そう考えると、ある意味戦争大好きな殿様である謙信公は名君とは言い難いと感じてしまいます。

 

また、戦争に勝っても、自分たちの領土とすることは稀なわけですから、戦争は実質タダ働きのようなものです。

とんでもないブラック体質と言えるでしょう。

 

さらに領土を取り返したもらった豪族にとっても、戦争に勝ったら、さっさと越後に帰るのですから、その後で、武田氏、北条氏が来るのは当たり前で、ありがたいけど、大してありがたくない。
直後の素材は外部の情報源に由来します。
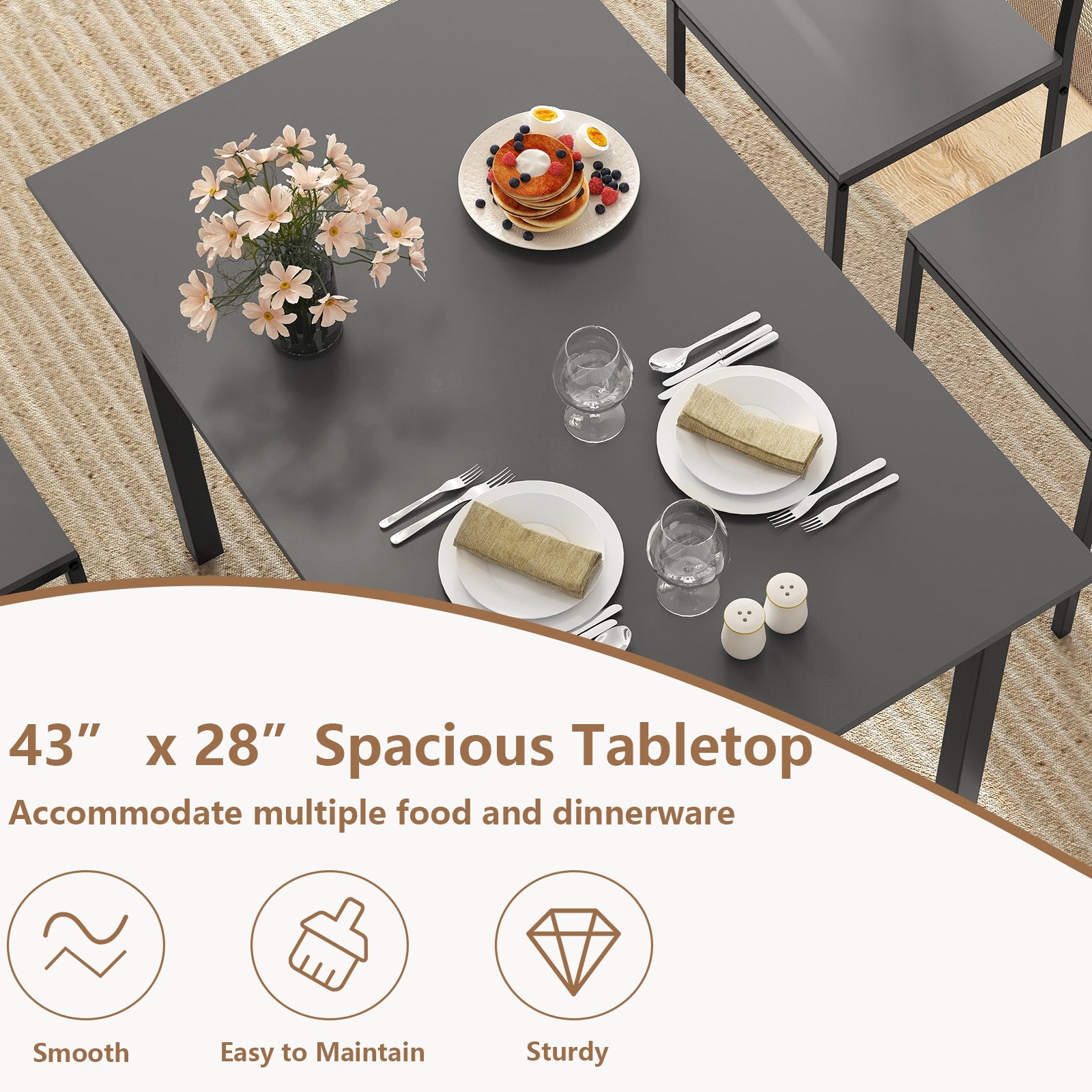 5 Piece Dining Table Set Industrial Style Kitchen Table and Chairs for 4-Grey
戦っても負けるのはわかりきっているから、また逃げるか、相手に服属するしかない。

 

謙信公は、相手に寝返ったらブチギレるわけですが、そんなこと言われても小領主にとっては、守ってくれない謙信公が悪いのであって、ある意味大国の横暴です。

それなら、自分の勢力拡大という私欲のために戦っている連中の方がまだましかもしれません。

 

謙信公も外交政策などは行ってはいるものの、政治工作を行うということが多いわけではなく、何か起こると戦争に頼ると言えます。
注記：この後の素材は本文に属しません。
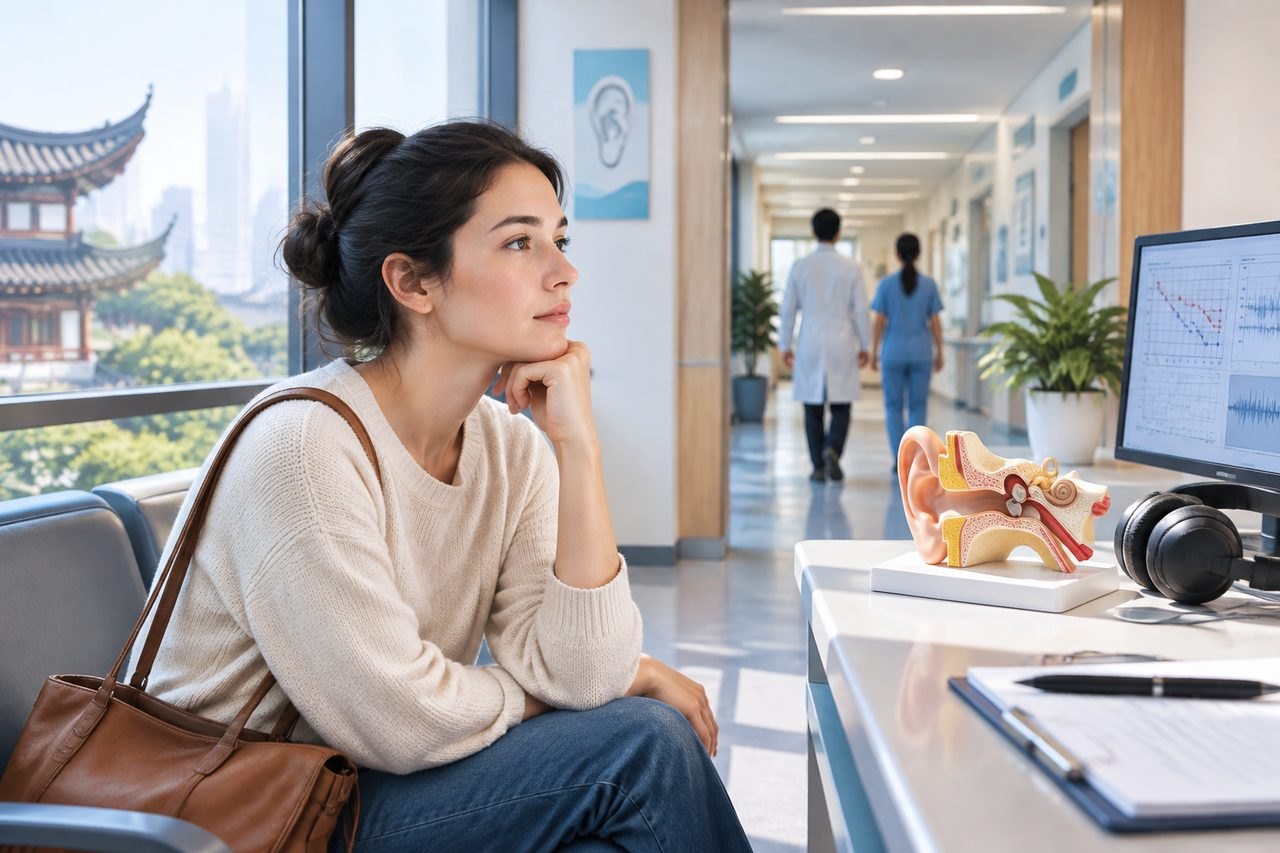 Illustrative image: A woman waits in a hospital corridor, observing a medical model and a computer screen.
その結果多数の裏切り者を出すわけでもありますが、戦略などあったものではなく、仮に室町幕府を中心とする旧秩序の再興を本気で目指していたとしても、そこに実はなく、空論を振りかざしていただけにすぎないと感じます。

 

自分の理想を他人に押し付け、それにそぐわない人間の考えを理解しようとしない。

戦争だけなら紛れもない天才であり、カリスマも持ち合わせたたぐいまれなる人物であったことは、その通りだと感じますが、一方で、あり得ないほどの暴君でもあったと思います。

 

上杉謙信は、他者のために奮闘した人物のように、言われますが、私は、自己の理想という利己のために、他人の犠牲も省みない人物だと感じます。

 

新潟で上杉謙信を嫌う人はあまり聞きませんし、だとすれば、意外と上杉謙信の統治というのは、農民などにとっても悪いものではなかったのかもしれません。

 

それでも、私は上杉謙信の義の中に、自分を突き通す横暴を感じ、それでも正義と信じるところに虚を感じてしまうのです。